1. Scope and Applicability. All quotations, orders, and invoices are subject to the Standard Terms and Conditions set forth herein. ANY ADDITIONAL, DIFFERENT OR CONFLICTING TERMS AND CONDITIONS ON ANY DOCUMENT ISSUED BY CUSTOMER AT ANY TIME ARE HEREBY OBJECTED TO AND REJECTED BY WERNER ELECTRIC VENTURES LLC (“WEV”), SHALL BE WHOLLY INAPPLICABLE TO ANY SALE MADE OR SERVICE PERFORMED HEREUNDER, AND SHALL NOT BE BINDING IN ANY WAY ON WEV. Any of the following shall constitute, but is not the sole form of, Customer’s acceptance of these Standard Terms and Conditions: (1) submission of a purchase order, (2) delivery of goods, or (3) commencement of services.

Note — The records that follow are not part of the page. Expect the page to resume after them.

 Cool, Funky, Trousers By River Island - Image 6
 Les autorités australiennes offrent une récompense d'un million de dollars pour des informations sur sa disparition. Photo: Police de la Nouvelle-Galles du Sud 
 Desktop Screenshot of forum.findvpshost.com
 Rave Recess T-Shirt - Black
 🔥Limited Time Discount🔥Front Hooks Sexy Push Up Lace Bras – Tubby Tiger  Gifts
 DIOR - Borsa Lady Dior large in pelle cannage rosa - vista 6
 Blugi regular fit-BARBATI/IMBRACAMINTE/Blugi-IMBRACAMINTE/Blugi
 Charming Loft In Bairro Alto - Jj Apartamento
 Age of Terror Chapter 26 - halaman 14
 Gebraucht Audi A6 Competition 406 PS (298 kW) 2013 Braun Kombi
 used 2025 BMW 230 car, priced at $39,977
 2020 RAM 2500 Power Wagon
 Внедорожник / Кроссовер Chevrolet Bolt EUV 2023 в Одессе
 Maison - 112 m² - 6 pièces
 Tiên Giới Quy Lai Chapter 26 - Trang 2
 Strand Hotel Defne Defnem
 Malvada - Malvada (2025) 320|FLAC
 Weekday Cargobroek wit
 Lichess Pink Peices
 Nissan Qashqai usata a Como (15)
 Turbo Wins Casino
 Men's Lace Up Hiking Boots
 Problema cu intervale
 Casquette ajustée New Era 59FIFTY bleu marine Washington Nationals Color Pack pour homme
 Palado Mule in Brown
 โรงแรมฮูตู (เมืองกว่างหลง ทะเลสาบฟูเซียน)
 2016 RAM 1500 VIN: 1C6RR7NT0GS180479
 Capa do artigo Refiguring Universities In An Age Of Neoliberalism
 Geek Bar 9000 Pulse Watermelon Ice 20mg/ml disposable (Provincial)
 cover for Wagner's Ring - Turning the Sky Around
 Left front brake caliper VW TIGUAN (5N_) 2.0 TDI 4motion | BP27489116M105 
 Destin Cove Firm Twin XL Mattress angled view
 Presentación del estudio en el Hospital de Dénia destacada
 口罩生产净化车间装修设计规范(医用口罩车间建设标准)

2. Quotations and Orders. A WEV quotation may be accepted by Customer in writing within thirty (30) days from its date or within the period of time otherwise stated in the quotation, whichever is less. Verbal quotations are only valid on the calendar day on which they are given unless confirmed with a written quotation on that calendar day. A WEV quotation is an offer for the Customer to buy. Customer’s acceptance of a WEV quotation is subject to these Standard Terms and Conditions. WEV is not required to accept Customer’s orders. Any Customer purchase order shall not result in an agreement unless and until such order is accepted by WEV and acknowledged by it or its authorized representative at WEV’s office in Cottage Grove, Minnesota, and such order or WEV acceptance shall be subject to these Standard Terms and Conditions. IN THE EVENT THAT THE CUSTOMER’S PURCHASE ORDER, ACCEPTANCE, OR OTHER WRITTEN COMMUNICATION STATES TERMS ADDITIONAL TO OR DIFFERENT FROM THESE STANDARD TERMS AND CONDITIONS, THESE STANDARD TERMS AND CONDITIONS SHALL PREVAIL, AND THE TERMS AND CONDITIONS OF THE CUSTOMER’S PURCHASE ORDER, ACCEPTANCE, OR OTHER WRITTEN COMMUNICATION SHALL BE OF NO FORCE OR EFFECT.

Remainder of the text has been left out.